The evil is in the details. The inflation rate pre-Milei distorted economy to the point where any meaningful model based on Austrian or Keynesian or whatever ideas was impossible.


Almost everyone I know and all newspapers I read here, in Argentina, do talk about that. The cost is an inevitable one when you reach 3 digits inflation. Hope we learn our lesson though we didn't in the 2000s when we brought inflation again.

To give anyone reading this perspective, Argentina had inflation for almost 80 years, only a brief pause in the 90s and then again since the 2003. What other way is there?


> What other way is there?

Remember that inflation is something the government chooses to create. It's not some natural disaster.

The other way is to remove the power to create it from the executive leader and give it to some institution that is more stable.


Of course but once you have 3 digits inflation, what other way to reduce is there besides cutting the supply of money suddenly in a shock? People won't like it, I didn't like it either but the two other presidents tried various methods such as price controls and that didn't help, on the contrary.


There are alternatives. Brazil fixed the hyperinflation problem in a different way, maybe Argentina should copy it: https://www.npr.org/sections/money/2010/10/04/130329523/how-...

previous discussion: https://news.ycombinator.com/item?id=9617710


Brazil pretty much did a monetary shock by reducing the money supply. Just like Milei.

We did more stuff besides the shock. But we also had more inflation, and it was more persistent.


If you have long-lasting inflation, you need some shock to cut it. But reducing the supply of money only does shock, it's keeping it constant over the long term that avoids inflation.

And well, price control never works. This is well known. It's also well known that Argentina's last few presidents were people that wouldn't let patently known and unavoidable facts get in the way of their policies...


When in borderline hyperinflation, the GDP number is meaningless.

Also, a shrinking economy with normal inflation is better than a growing economy with hyperinflation, because that second is never really growing, just the meaningless number is going up.


GDP calculation takes inflation into account otherwise even now the "meaningless number" would be growing with Milei.


The inflation calculation is the one that doesn't get the inflation correctly into account.
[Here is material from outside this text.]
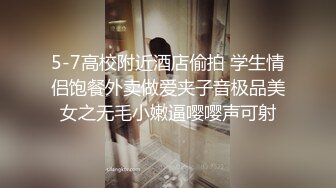 【稀有资源】清纯护士被情人偷P洗澡，MJ后邀请朋友一起过来4P，玩弄女友的骚穴，非常给力作品！2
That's because it always have errors, and those errors grow more than linearly with the inflation rate.


Let's not forget the social numbers.

Reuters:

BUENOS AIRES, Sept 26 (Reuters) - Argentina's poverty rate rocketed to 52.9% in the first half of 2024, the government's INDEC statistics agency said on Thursday, surging from 40.1% a year earlier.

https://www.reuters.com/world/americas/argentina-poverty-rat...


He explained that on Lex Fridman's podcast.